Along the road, since it is not transited at all, we decided to get out of the cars and sit on the windows and the roof. We were convoying rally style! We jumped between cars, drank vodka while sitting on the roof, and raced each other almost as if we were on a smooth race track.
We were living the moment and making the best of this “off-roading”.
When we reached the end of the road, we noticed that it didn’t actually reach the ships, but ended in a small village called Zhalanash. We were a bit confused at first and started asking the locals about the ships. None of them could understand us, but as soon as we used body language to represent ships stuck on the sand, they understood and pointed us to go about a mile or two further into the desert.
We were cool with that and planned to camp next to the ships, since it was quite late already.
But before we left to the ships, we decided to do something special for the kids in the village. The Thunderyaks had been carrying a box full of donated toys all the way from London, so they decided to gift it to the kids.
As soon as the kids noticed the box of toys, they reached the car like piranhas and ate the box of toys with all their fury. They grabbed toy cars, ping pong sets, water pistols, keychains, and all sorts of different toys.
The toys were finished, yet the kids still wanted more. Still, we understood their desire for more. There is absolutely nothing in this village, so they don’t have access to toys and many other resources.
We felt really good that we could help at least in a small way.
Then, it was time to finally head to the ships. We made our way further into the desert for about 3 minutes, until Gobi or Go Home’s car got stuck in the sand.
No worries, were well prepared for this. As we reached towards their car to rescue them, we got stuck too. No biggie, there are two more cars to rescue us.
But, as expected, those two cars got stuck too!
All 4 cars were crippled on the sand. We struggled for a while; pushing with our own hands, pulling with other cars, and even putting camel bones under the tires for traction. None of these worked.
Still, we had one more “secret weapon” in our hands – waffle boards. These are holed boards you put under the tires so they can act as the perfect traction to get any car out of any sticky situation.
And voila, the Thunderyaks car was out of the sand! And with the Thunderyaks car we carefully pulled out the other three cars. We were the heroes of the day! (well, we needed some pulling too!)
As we enjoyed the glory of rescuing all teams, we realized that the ships were far from our reach. We could do nothing but see them from the distance. Should we try again, we would get all stuck in the sand again.
Oh well, we admitted defeat and headed back a few kilometers to set camp along the road.
We had an amazing camping night with all 15 team members drinking and enjoying the night like no other.
To our wonder, the Kazakhstani desert had a small surprise for us – a moon less night with absolutely no luminic pollution. We could see countless stars, the Milky Way, and even Mars with our bare eyes!
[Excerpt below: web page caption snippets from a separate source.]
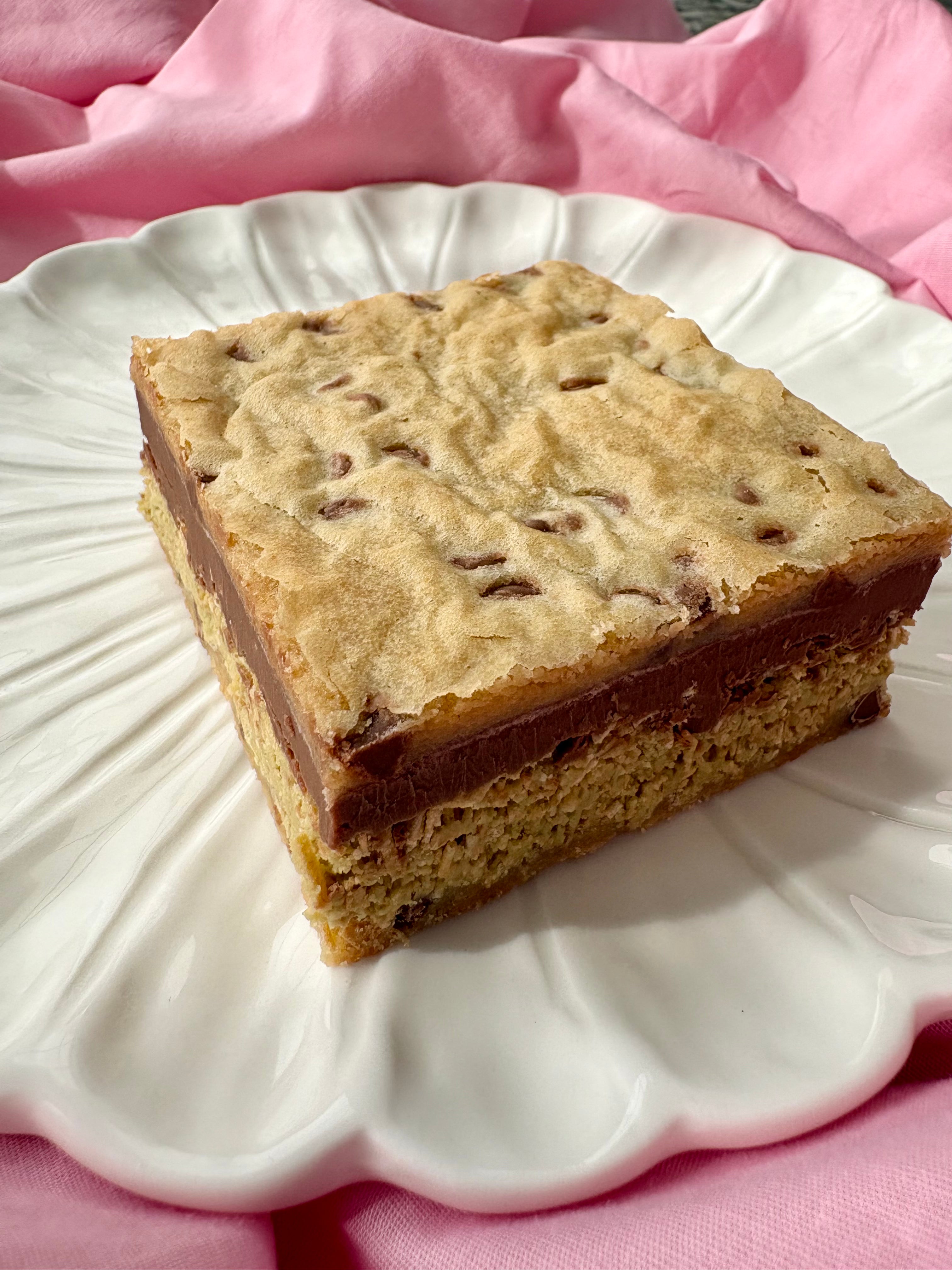 Pistachio Kunafa cookie pie by Lilly White Cakes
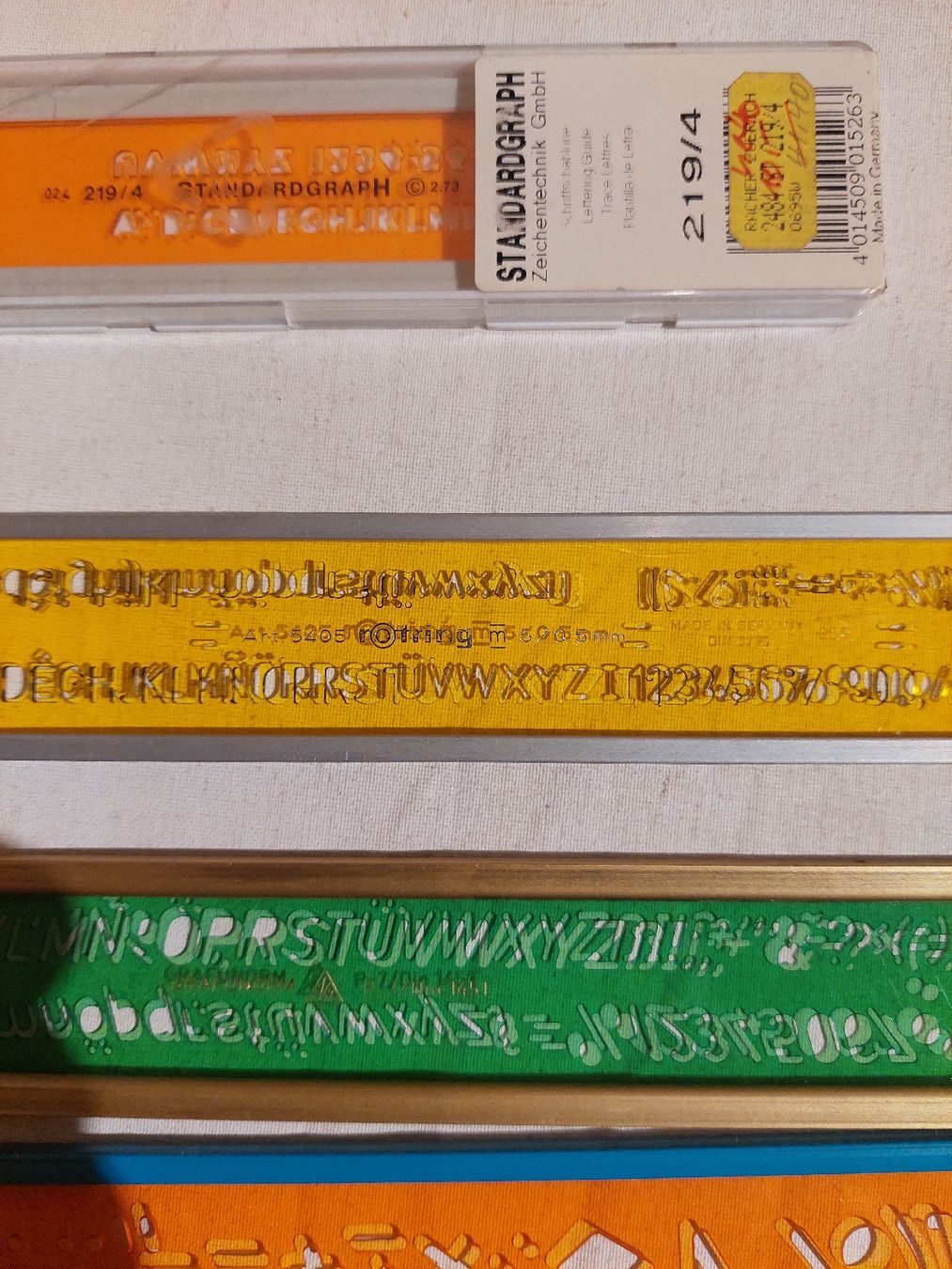 Rotring Sciablone: 10 Schablonen – Usato da Zürich venduto da Cortin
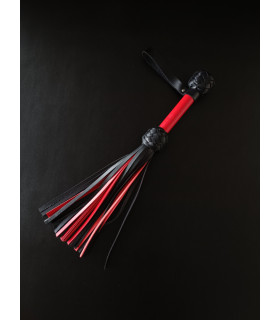 Флоггер с петлей на рукояти Candy Hero, натуральная кожа, черно-красный, 30 хвостов, 45 см - No Taboo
The following morning we woke up to witness a few double humped camels walking past the campsite and a a few village boys walking their little goats and lambs. I couldn’t contain myself from holding one of them!
At about 11am we packed our camp and headed back to the road, as usual, yet a bit sad that we didn’t accomplish the main reason we headed this way – to see the ships.
Still, ships or no ships, this was one of the funnest rally days since we made the best of every moment we had, and enjoyed the misadventures of getting stuck in the sand as a convoy of four cars.
Who would think such an unaccomplished day would be so fun?